[Short text fragments from websites]
▽
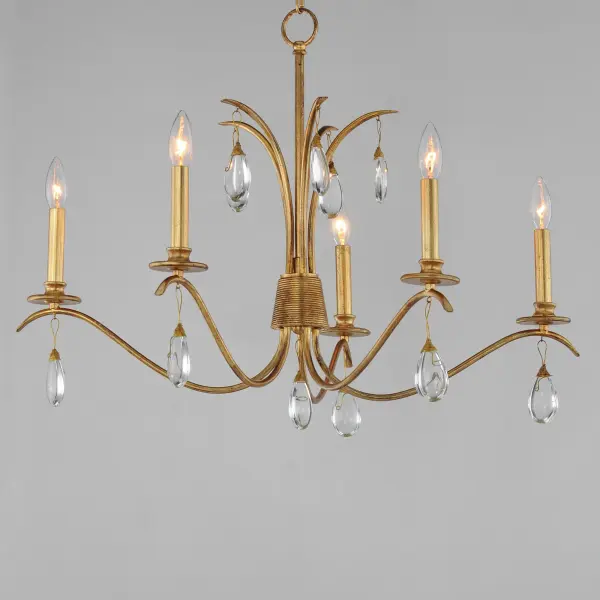 Eliciting a vision of natural beauty, the Eden collection is abundant with hand-crafted details from fabrication to finish. Bunched at the center of the chandelier, a collector features hand-wound wiring that groups a set of gracefully swooping arms that extend outward and branch upward in biophilic form. This coiling detail also suspends crystal adornments from the chandelier frame. Finished in an antiqued Charcoal Gold Leaf, the collection infuses rustic charm and refined simplicity. - alternate view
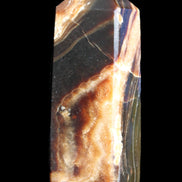 Chocolate Calcite obelisk 95*31*23mm 172g in sunlight - Rocks and Things Store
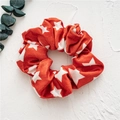 Red velvet scrunchie with white star pattern for Christmas hair styling - Red Stars
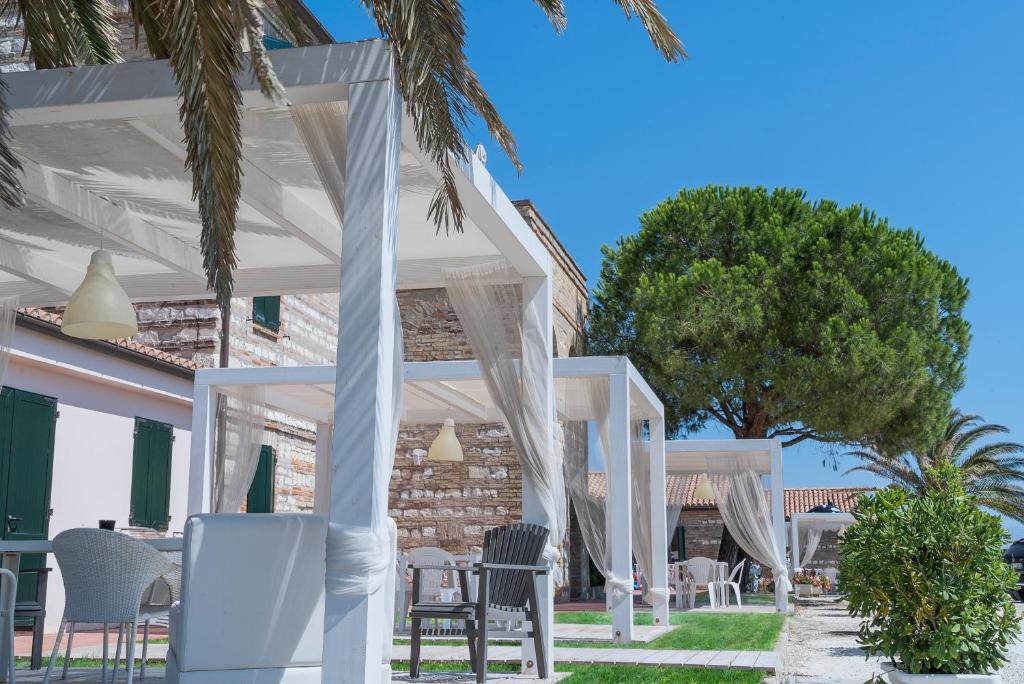 biała pergola z krzesłami i stołami przed domem w obiekcie Lido Azzurro w mieście Numana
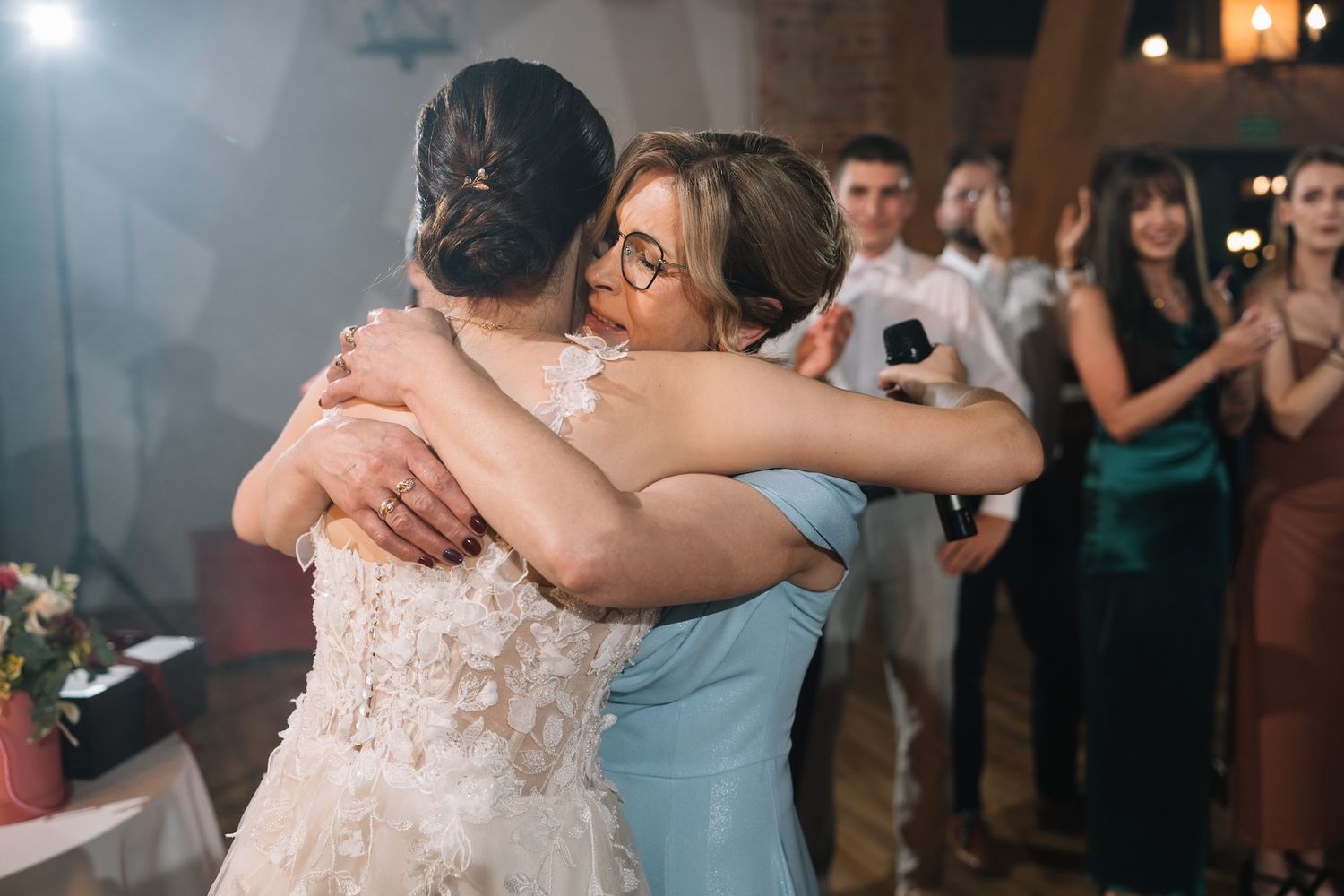 Bride in lace wedding dress shares emotional hug with woman in blue gown at wedding reception.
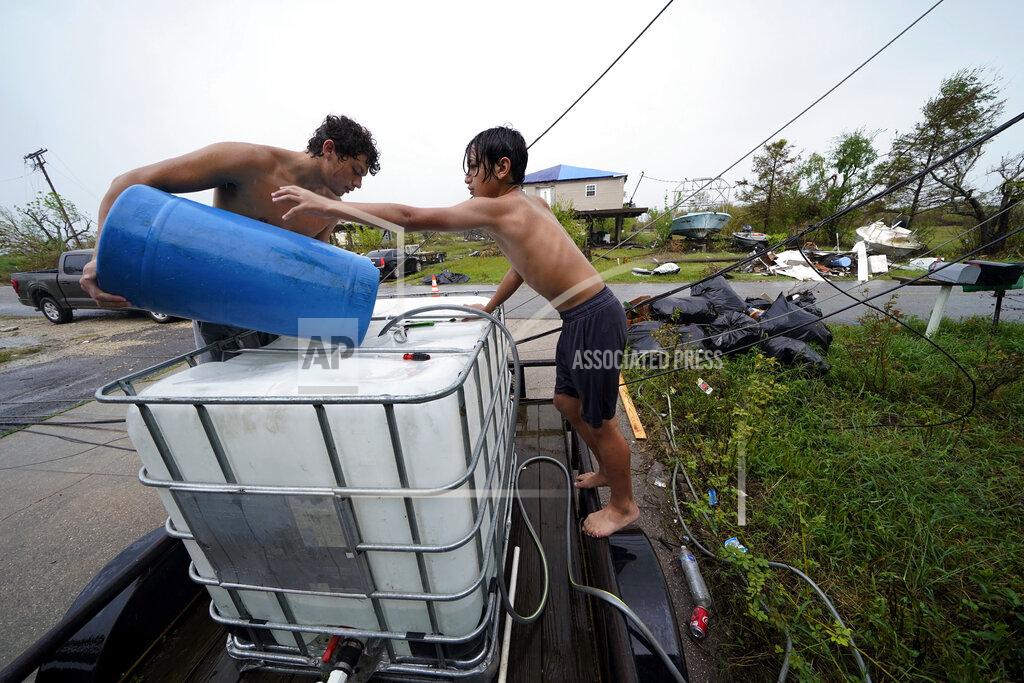 Gerald Herbert Terren Dardar, 17, left, and Dayton Verdin, 14, pour barrels of rainwater they collected from Tropical Storm Nicholas, in the aftermath of Hurricane Ida in Pointe-aux-Chenes, La., Tuesday, Sept. 14, 2021. They have had no running water since the hurricane, and collected 140 gallons of rainwater in two hours from the tropical storm, which they filter and pump into their house for showers. (AP Photo/Gerald Herbert)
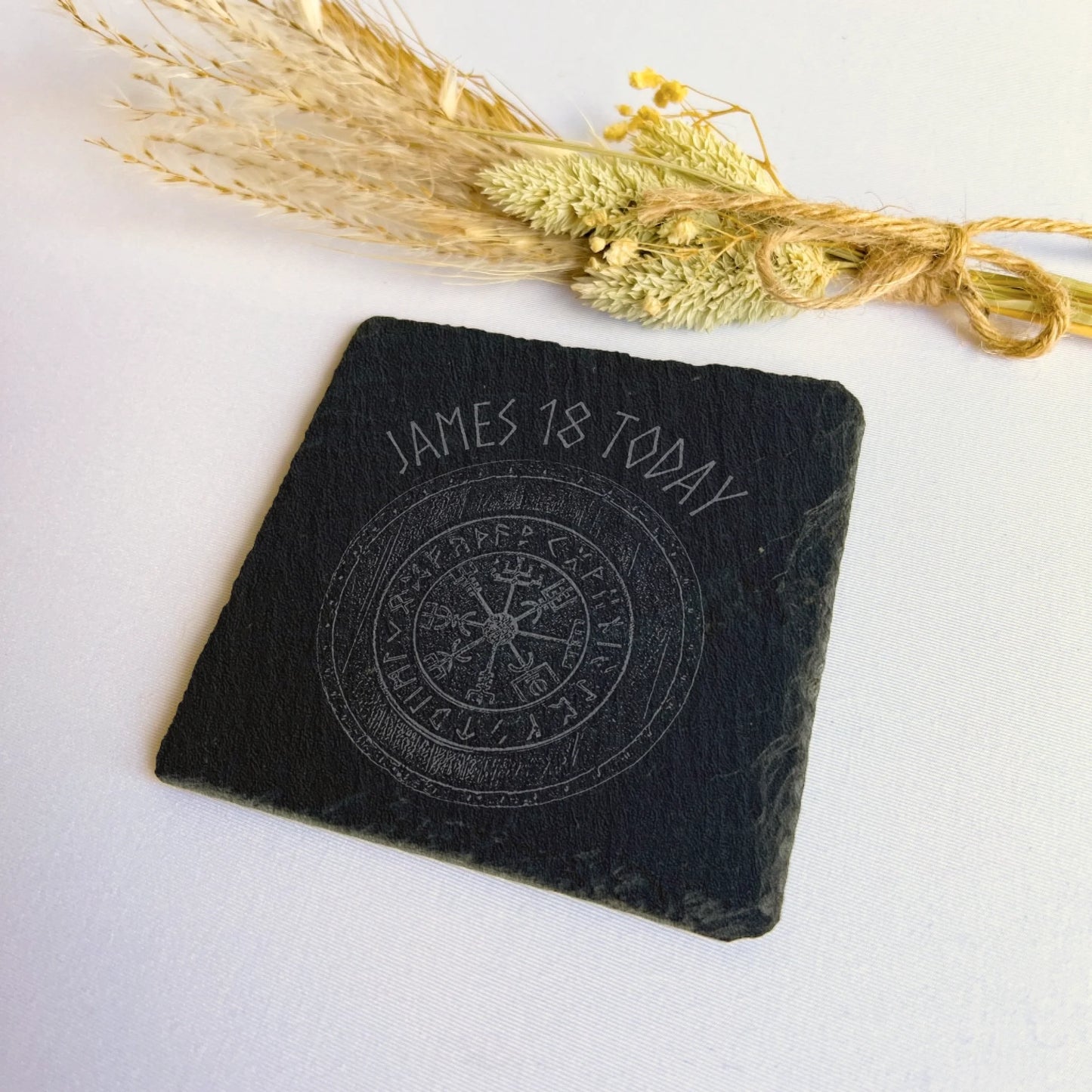 compass gift for him Square black slate coaster on a white surface with dried grasses, natural hand-cut edges, 10 cm square (4 in).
△
Where a picture appears in the data, omit it; restate the rest word for word.

 Eliciting a vision of natural beauty, the Eden collection is abundant with hand-crafted details from fabrication to finish. Bunched at the center of the chandelier, a collector features hand-wound wiring that groups a set of gracefully swooping arms that extend outward and branch upward in biophilic form. This coiling detail also suspends crystal adornments from the chandelier frame. Finished in an antiqued Charcoal Gold Leaf, the collection infuses rustic charm and refined simplicity. - alternate view
 Chocolate Calcite obelisk 95*31*23mm 172g in sunlight - Rocks and Things Store
 Red velvet scrunchie with white star pattern for Christmas hair styling - Red Stars
 biała pergola z krzesłami i stołami przed domem w obiekcie Lido Azzurro w mieście Numana
 Bride in lace wedding dress shares emotional hug with woman in blue gown at wedding reception.
 Gerald Herbert Terren Dardar, 17, left, and Dayton Verdin, 14, pour barrels of rainwater they collected from Tropical Storm Nicholas, in the aftermath of Hurricane Ida in Pointe-aux-Chenes, La., Tuesday, Sept. 14, 2021. They have had no running water since the hurricane, and collected 140 gallons of rainwater in two hours from the tropical storm, which they filter and pump into their house for showers. (AP Photo/Gerald Herbert)
 compass gift for him Square black slate coaster on a white surface with dried grasses, natural hand-cut edges, 10 cm square (4 in).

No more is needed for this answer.